A Walk Among the Tombstones 3

Liam Neeson was not the face I envisioned when I cracked open my first Matthew Scudder detective novel back in high school. I even had a moments pause when viewing the trailer for A Walk Among the Tombstones as the marketing was clearly trying to capitalize on the success of Taken. So it is understandable that I was a little apprehensive walking into the film. Fears that the gritty atmosphere of Lawrence Block’s mystery series had been replaced by non-stop cartoonish action danced wildly in my head.

Fortunately these concerns dissipated the moment the streetwise orphan TJ (Brian ‘Astro’ Bradley) appeared on screen. It was clear by that point that director Scott Frank truly understood not only the tone of Block’s fictional world, but also the characters that exist within it.

Adapted from the tenth novel in the series, A Walk Among the Tombstones centres around unlicensed private investigator Matthew Scudder (Neeson). Eight years sober, but still haunted by the drunken event that led to him leaving the police force, Scudder makes a comfortable living doing investigative work and odd jobs off the books. One night Scudder is approached by Peter, a recovering junkie who he met at his weekly AA meetings, about a possible job opportunity with his brother Kenny Kristo (Dan Stevens).

A drug kingpin in New York, Kristo wants to hire Scudder to find the mysterious men (David Harbour & Adam David Thompson) who kidnapped and murdered his wife. Though reluctant to take the case at first, Scudder discovers that Kristo is not the first victim to encounter this particular brand of extortion. Furthermore, the kidnappers seem to be targeting only women who have ties to organized crime in the city. With the duos next target in their sights, Scudder must race to piece the clues together before another mutilated body surfaces.

A Walk Among the Tombstones harkens back to the old school thrillers where private eyes had to pound the pavement to gather information. Despite taking place in 1999 – the paranoia surrounding Y2K is a prevalent undercurrent in the film – Scudder is a man more akin to sleuths like Philip Marlowe and Sam Spade. He is a relic of an era that rebukes technology preferring a simple note pad and pen.

A Walk Among the Tombstones

This trait makes his surrogate father-son bond with TJ work so well in the film. TJ is tech savvy, but also embodies the impatient nature of his generation. He wants to be a detective like Scudder, but does not realize that it takes a certain amount of experienced leg work not taught in books. Neeson does a wonderful job of displaying the burden of several years of experience in his subtle facial gestures. There is a moment in the film where it is clear in Scudder’s weary eyes that there are only two possible outcomes for a particular situation…and neither will end pleasantly.
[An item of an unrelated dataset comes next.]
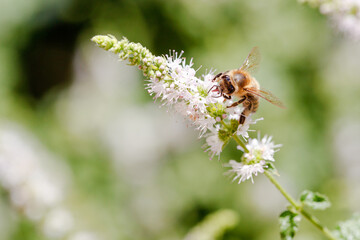 Apis mellifera bee collecting nectar from a flower, close-up © 2xwilfinger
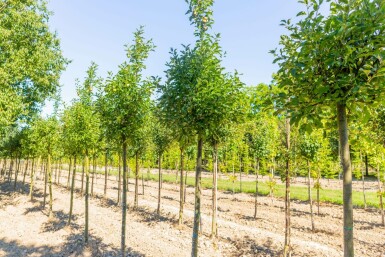 Malus 'Golden Delicious' Malus domestica 'Golden Delicious' Hochstamm Malus domestica 'Golden Delicious' Hochstamm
Scott Frank accentuates Neeson’s performance by presenting a dreary version of New York. It is a place so bleak that even the 12-Step program for alcoholics transforms into a grim call to violence. He paints a city where terror is not just found in abandoned buildings, but also in the posh neighbourhoods that the killers prowl like lions closing in on their prey. One of the most chilling images in the film comes when a young girl, in a Red Riding Hood cloak, unsuspectingly crosses the path of the twp predators. Frank slows the sequence down, as a cheerful tune plays in the soundtrack, to emphasize just how close to home such evil can be. As one of the killers’ points out, when passing a Y2K sign, “people are afraid of all the wrong things”.

By playing up this notion of misguided fear, A Walk Among the Tombstones exceeds expectations. Frank’s film is the gritty old school detective mystery that has been sorely missed on the big screen in recent year. Though Liam Neeson may not have been my initial choice going in, I can no longer think of anyone better suited for the role. Neeson is truly the cinematic version of Matthew Scudder that fans of the novels have been waiting for. Hopefully this will not be the last time he puts on the Scudder trench coat and roams the streets looking for clues.


  1. I hadn’t heard about this film until they mentioned the character of Matthew Scudder which had been played previously in 1986’s 8 Million Ways to Die by Jeff Bridges which was the last film directed by Hal Ashby. It’s an OK film but one that could’ve been so much more if Ashby had control in the post-production. Bridges was good in exuding Scudder’s guilt.

    1. I have read 8 Million Ways to Die, but avoided the adaptation due to its poor reviews. However, I am curious now to see Jeff Bridges’ interpretation of the character, especially in comparison to Neeson’s work in this film.